The title of this question is self-explanatory.
If I have a Kubeflow pipeline in the following manner:
# this is a kubeflow pipelines component dedicated to reformatting csv data to jsonl format
reformat_input_op = reformat_input_component(test_path)
# connect reformat prediction inputs op to batch prediction op
batch_prediction_request_jsonl_path = reformat_input_op.outputs['Batch Prediction Input GCS Path']
# batch prediction op
batch_prediction_op = gcc_aip.ModelBatchPredictOp(
project="<project id>",
job_display_name="Model Batch Prediction",
location="us-west1",
model=model_output,
gcs_source_uris=[batch_prediction_request_jsonl_path],
instances_format="jsonl",
gcs_destination_output_uri_prefix="gs://<bucket name>/<directory to file output>/",
machine_type="n1-standard-4",
accelerator_count=2,
accelerator_type="NVIDIA_TESLA_P100")
The ModelBatchPredictOp
method's argument, gcs_source_uris
cannot ingest the output of the previous component that outputs a string path (I get a TypeError: Object of type PipelineParam is not JSON serializable
error).
This is troublesome because I do not want to hardcode the path to the GCS bucket that the previous component writes to. I want the path that the previous component outputs, inputted into the next component, at runtime.

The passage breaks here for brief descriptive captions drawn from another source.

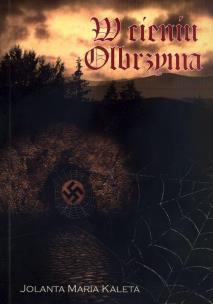 W cieniu Olbrzyma - uszkodzone. Autor: Kaleta Jolanta Maria. Multiszop.pl Okładka książki W cieniu Olbrzyma - uszkodzone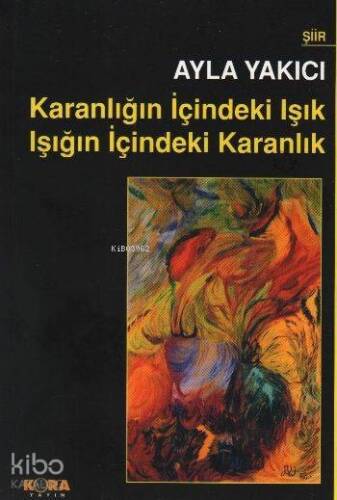 Karanlığın İçindeki Işık Işığın İçindeki Karanlık - 1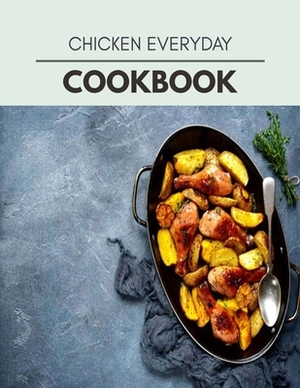 Chicken Everyday Cookbook: Reset Your Metabolism with a Clean Ketogenic Diet by Victoria Taylor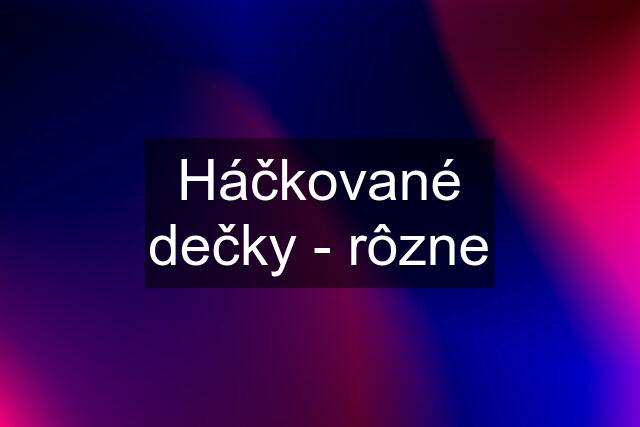 Háčkované dečky - rôzne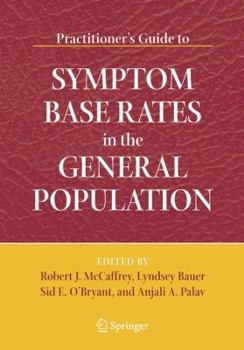 Spiral-bound Practitioner's Guide to Symptom Base Rates in the General Population Book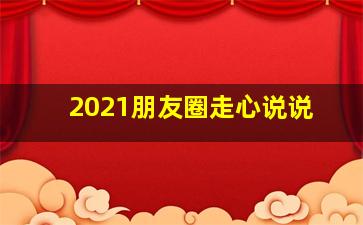 2021朋友圈走心说说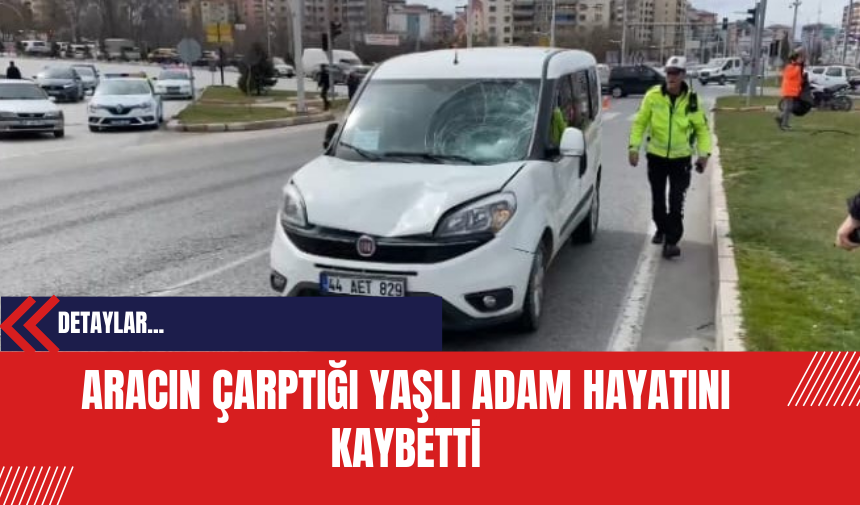 Aracın çarptığı yaşlı adam hayatını kaybetti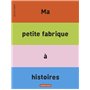 Ma petite fabrique à histoires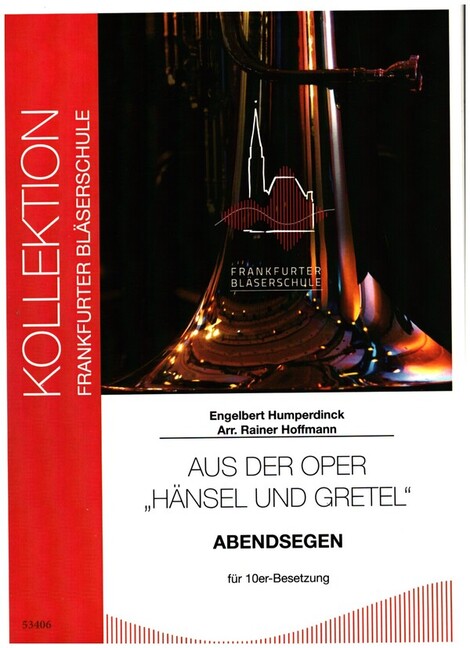 Abendsegen aus der Oper "Hänsel und Gretel"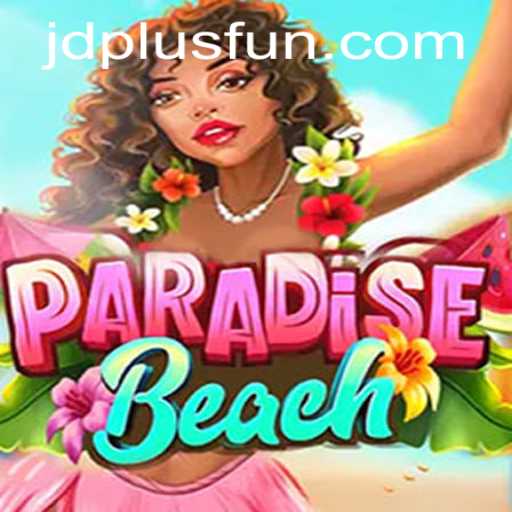 Exploring ParadiseBeach: An Immersive Gaming Experience with JDPLUS CLUB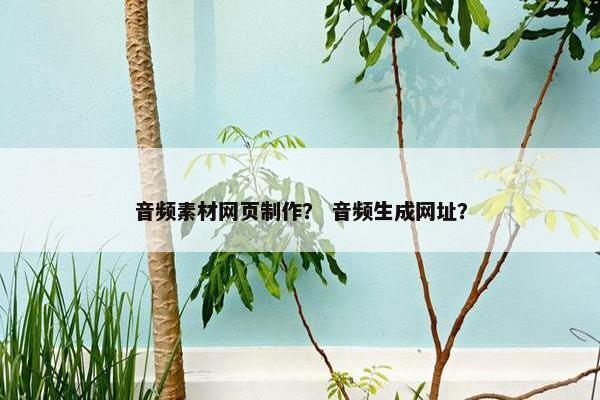 音频素材网页制作？ 音频生成网址？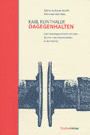 Karl Reinthaler. Dagegenhalten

What are some workarounds to this? While this is somewhat of a duplicate question to this stackoverflow query: Vertex AI Model Batch prediction, issue with referencing existing model and input file on Cloud Storage
I feel as if the question was not clearly answered there. Is there a way to pass an input from a previous component directly into the ModelBatchPredictOp()
object?
Note: I do not want an answer saying "use the .after()
method on the ModelBatchPredictOp()
". I know this is an option, I don't understand why ModelBatchPredictOp()
, a Kubeflow Pipeline component, doesn't admit outputs of the previous components directly. And is there a way that I can pass the output of a previous component directly without storing to some other GCS path and then calling it after using .after()
? This is horrible design if there's no way to pass the outputs of the previous components directly.